[Data records]
---------------
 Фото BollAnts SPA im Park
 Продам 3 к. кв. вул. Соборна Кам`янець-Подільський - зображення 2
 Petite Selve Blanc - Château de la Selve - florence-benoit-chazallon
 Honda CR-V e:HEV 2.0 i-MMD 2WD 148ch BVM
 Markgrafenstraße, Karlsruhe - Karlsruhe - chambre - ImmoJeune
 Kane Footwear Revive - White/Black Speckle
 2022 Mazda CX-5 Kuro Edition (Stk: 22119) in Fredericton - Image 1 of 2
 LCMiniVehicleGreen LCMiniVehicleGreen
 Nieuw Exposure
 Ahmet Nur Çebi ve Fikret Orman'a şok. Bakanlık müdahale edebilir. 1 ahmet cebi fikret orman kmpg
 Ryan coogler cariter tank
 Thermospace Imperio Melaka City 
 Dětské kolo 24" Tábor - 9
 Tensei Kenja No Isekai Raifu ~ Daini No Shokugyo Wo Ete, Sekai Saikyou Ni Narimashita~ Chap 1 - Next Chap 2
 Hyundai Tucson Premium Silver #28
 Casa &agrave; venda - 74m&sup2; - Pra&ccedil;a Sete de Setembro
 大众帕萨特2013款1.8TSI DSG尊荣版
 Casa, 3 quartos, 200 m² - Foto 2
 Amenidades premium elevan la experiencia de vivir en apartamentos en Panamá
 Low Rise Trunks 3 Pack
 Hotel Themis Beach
---------------
BRIEF:
Only the last part of the records is wanted. Repeat it exactly, beginning at the line containing "Kane Footwear Revive - White/Black Speckle" and ending at the final line.

RESULT OF THE EXERCISE:
 Kane Footwear Revive - White/Black Speckle
 2022 Mazda CX-5 Kuro Edition (Stk: 22119) in Fredericton - Image 1 of 2
 LCMiniVehicleGreen LCMiniVehicleGreen
 Nieuw Exposure
 Ahmet Nur Çebi ve Fikret Orman'a şok. Bakanlık müdahale edebilir. 1 ahmet cebi fikret orman kmpg
 Ryan coogler cariter tank
 Thermospace Imperio Melaka City 
 Dětské kolo 24" Tábor - 9
 Tensei Kenja No Isekai Raifu ~ Daini No Shokugyo Wo Ete, Sekai Saikyou Ni Narimashita~ Chap 1 - Next Chap 2
 Hyundai Tucson Premium Silver #28
 Casa &agrave; venda - 74m&sup2; - Pra&ccedil;a Sete de Setembro
 大众帕萨特2013款1.8TSI DSG尊荣版
 Casa, 3 quartos, 200 m² - Foto 2
 Amenidades premium elevan la experiencia de vivir en apartamentos en Panamá
 Low Rise Trunks 3 Pack
 Hotel Themis Beach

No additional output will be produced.